I'd like to go to Tottori again. Los Prisioneros Greatest Hits downloading (wish I could get some of their actual albums though). How does Rock Lobster get so dramatic(-ish)-sounding all of a sudden.

Saturday, May 30, 2009

Sporadic Post #What: My Musical Heritage Plus 1

Next step of getting to know my musical history more: listening to my first The Plugz album, Better Luck. This is awesome. Really. Really awesome, by just 2 minutes and 50 seconds into the first song.
!

soft, Little Eyes, by Yo La Tengo

Music softly playing in my room is nice to listen to. At low volumes. Especially when it's raining outside. And I'm in my empty room all by myself.

Rose Teikoku

Oh man, and now まだ生きている by ゆらゆら帝国 (Mada Ikiteiru by Yura Yura Teikoku)!! So good! I just realized this awesome part where the drums keep getting louder and almost overpowering the rest of the instruments that I hadn't noticed before. It's so subtle.

Okay and Rose Robert (Of Montreal) just came on and the intro sounded so much cooler after about 4 years of not hearing it.

Hurray for music, really.

Modal Soul

Oh, the fourteenth track on Nujabe's Modal Soul came on as I ended that. Nice.

Hey, it's bigger.

I just had a moment: for the first time, I thought to myself, as I tasted a meal I had just cooked for myself, "I learned how to cook!"

Up to now, whenever I made this dish, I had been using this one recipe and sticking to it pretty strictly, but always coming up with a meal that was good but still needing something. Tonight, however, I went out on a limb (~ooo!~) and changed the ingredients and cooking methods I had been using and just made the thing according to whatever way looked best and guiding myself by tasting the work in progress every now and then. And I came up with a meal that was instantly delicious and completely different from the way it had been coming out in the past. Plus, I got it done waaay faster, making it a possibility for a fast, filling, and flavorful dinner! Mmm.

Basically, it was a bed of rice covered with three types of mushrooms (shitake, shimeji, and, in its exciting kitchen debut, eringi!) simmered in shoyu (soy sauce), pure rice grain mirin (I bought a new type, because the one I had been using up to then kept coming out too sweet), and the clincher to this whole new operation, ume hachimitsu kurozu, that is, 梅はちみつ黒酢, or plum and honey black vinegar! I even sprinkled the 片栗粉 (glutonizing powder? just kinda like flour that hardens faster) into the cooking mix with minimal clumping and pretty maximal syrup-izing. Then (since I forgot to put in the tofu), I dropped some tofu cubes on top. The result was a subtly sweet glorious spread of feeling through my mouth and throughout my body. The eringi added a nice, chewy texture, and the cold tofu, which hadn't been covered with the hot mushroom mix but rather placed on top, actually gave a pretty cool cool/hot addition to all the million kinds of stimuli going on in my mouth. A success on so many levels!

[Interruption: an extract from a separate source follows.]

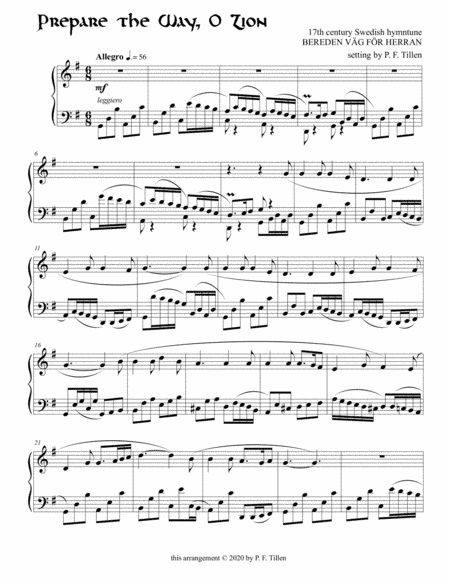 Prepare the Way, O Zion (arr. P. F. Tillen)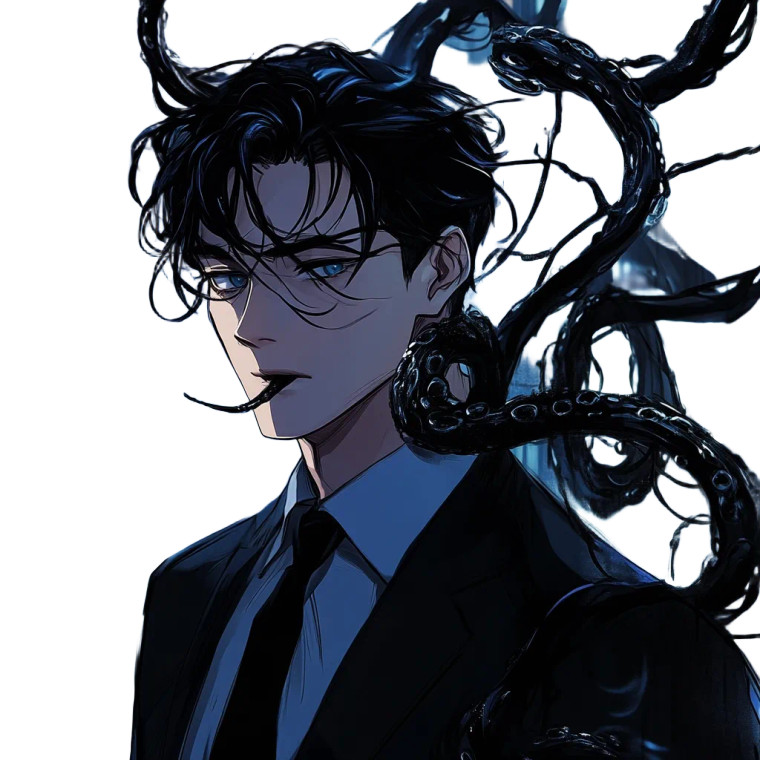 Manga Man Tentacles Night Vinyl Car Decal Sticker – Waterproof & UV-Resistant 4.0"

So, that is what made me think that, although I've been making my own food most the time for the past 10 months, some of it pretty good, I just now learned to cook! And I am happy about that.

~ ~

This morning I woke up in a clear mood, then set about taking down and cleaning my entire room. I do this every now and then, but today the scale was a lot higher. My room's a lot barer now, and I don't imagine I'll change it much. I like my room with few pieces of furniture, all only as tall as my knees at max, a nice futon setup facing the glass door looking out on the town, and lots of empty space.

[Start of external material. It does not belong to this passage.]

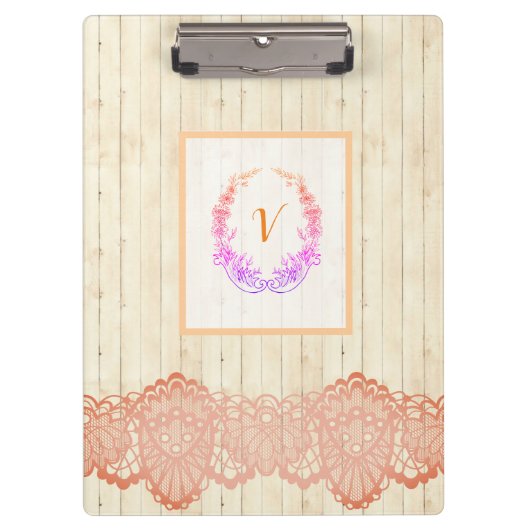 Modernes, stilvolles Monogram Vintag Wood Klemmbrett (Vorderseite)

Every time I rearrange my room, I feel like I've shed a new layer of skin. It's like a watershed in this long time I've lived here. I've gone through many different phases, states of being, states of mind. Today marked something good. I realized, and felt, as I cheerily put my ulong cha back in my nicely organized refrigerator, that I was finally living a normalized, comfortable life here in my apartment in Japan, on my own. I feel good about just about everything. There are no worries constantly on my mind, and I feel at ease with some sort of continuum that flows through my place of living. Too bad I've only got two months left here, I thought, but then, No, I've still got two months left to live here like this! Two whole months! This is awesome! I get to live in Japan, with a normalized lifestyle that gives me freedom to enjoy myself and do what I want, while working an awesome job that I enjoy and provides me with enough money to do away with most financial limits, and having made friends that I can call up or hang out with on a regular basis.

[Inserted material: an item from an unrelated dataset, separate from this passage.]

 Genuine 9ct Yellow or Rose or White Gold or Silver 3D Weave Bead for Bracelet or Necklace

I've been thinking about the whole leaving vs. staying thing lately. When I teach, and especially when I was at that rural school yesterday (Wow, was that just yesterday?!), I have such an amazing time with the children and teachers that I think, Wow, how could I have given this away? And for the abstract reason of just wanting the freedom to do other things floating through my mind. But it was not a decision I made easily, and I could see that things were only going to get better and better as the upcoming months went on (though that doesn't make everything getting exponentially better any harder to take when the end is in sight and mind). I've wondered, Did I make a mistake?

But today, I had a lot of moments that made me feel like I had done the right thing in keeping my English-teaching life in Japan to a year. Just feelings. I've started to feel the L.A. coming out in me more, and by that I don't really know what I mean. I just feel it. Today, I had a weird sensation like I was on vacation in Japan for two months, after which I would be returning home. This is pretty interesting considering that I think one of the biggest challenges to me getting used to living here was that I was continually thinking of it as a temporary thing - live in Japan, live out my dream of getting into the underground music scene, make money, and go home - and I only started to really enjoy more wholely my time here when I realized I had to just embrace it and settle down as if I was going to be here as long a time as I could conceive. I'm still living like that now, settled down, so maybe that feeling today was just a flash of the situation I'm facing in two months.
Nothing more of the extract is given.